(ASSIGNMENT)
The required output is the stretch from the line containing "Różowa bawełniana bluza" through the line containing "Accent Cabinet,Light Oak" in the records below, unaltered and with no pictures.

(AVAILABLE RECORDS)

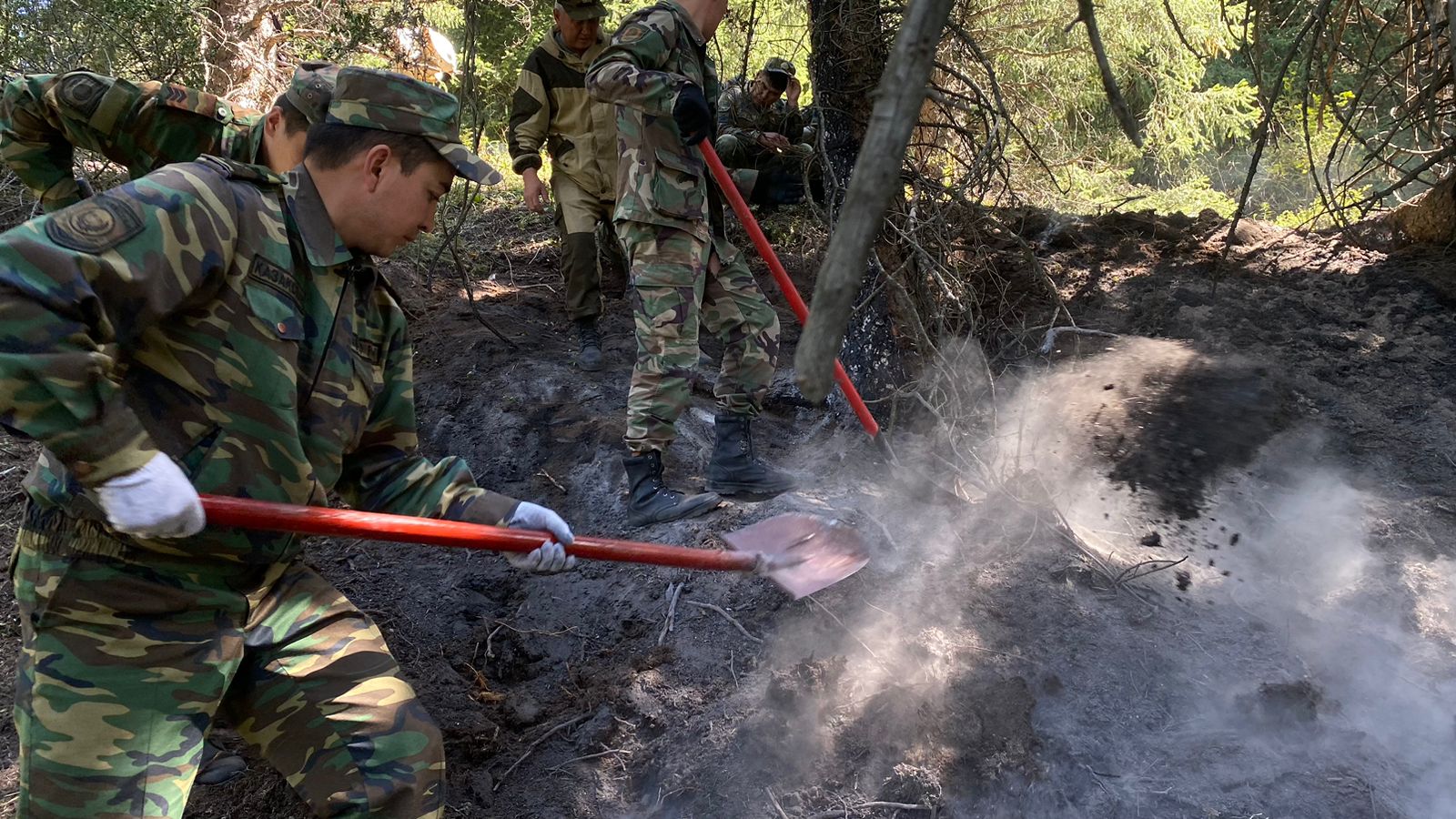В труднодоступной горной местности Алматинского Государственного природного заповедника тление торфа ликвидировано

...

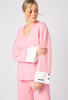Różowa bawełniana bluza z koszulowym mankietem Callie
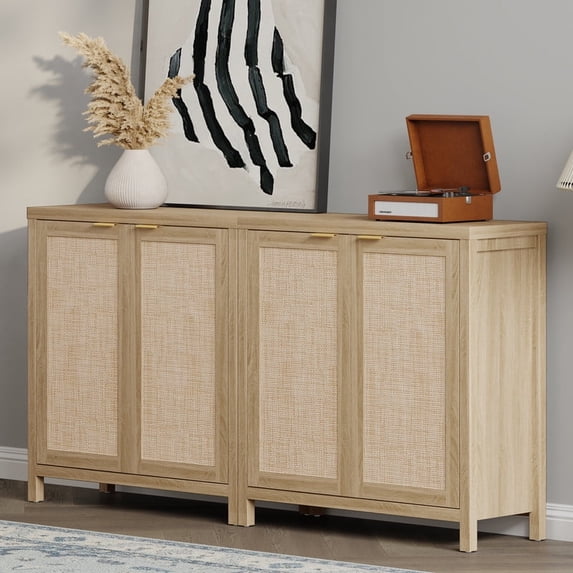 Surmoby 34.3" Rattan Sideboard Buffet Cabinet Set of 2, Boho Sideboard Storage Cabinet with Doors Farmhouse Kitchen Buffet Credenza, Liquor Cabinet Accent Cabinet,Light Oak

* * *

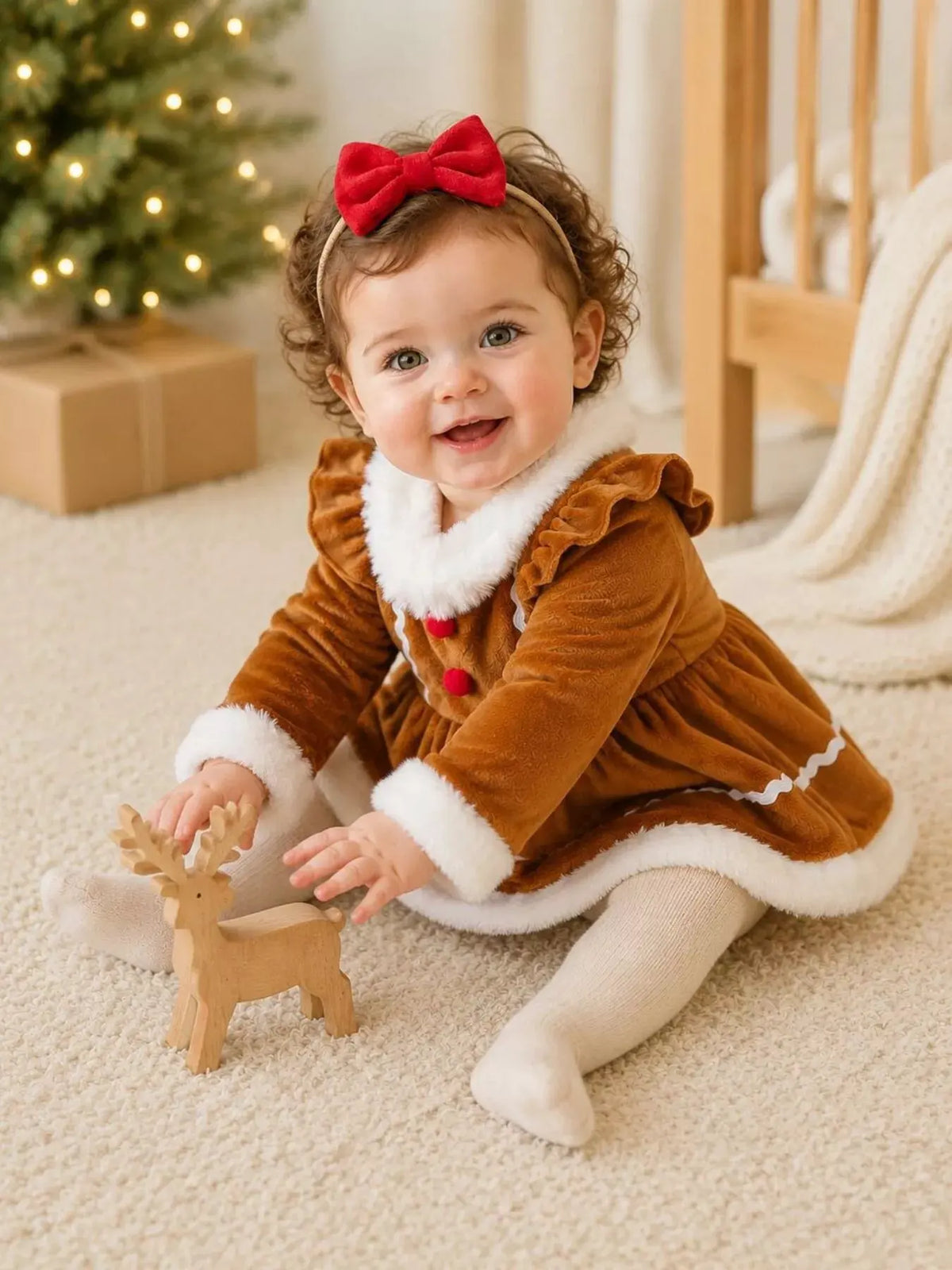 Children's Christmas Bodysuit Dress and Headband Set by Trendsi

(TASK SOLUTION)
Różowa bawełniana bluza z koszulowym mankietem Callie
 Surmoby 34.3" Rattan Sideboard Buffet Cabinet Set of 2, Boho Sideboard Storage Cabinet with Doors Farmhouse Kitchen Buffet Credenza, Liquor Cabinet Accent Cabinet,Light Oak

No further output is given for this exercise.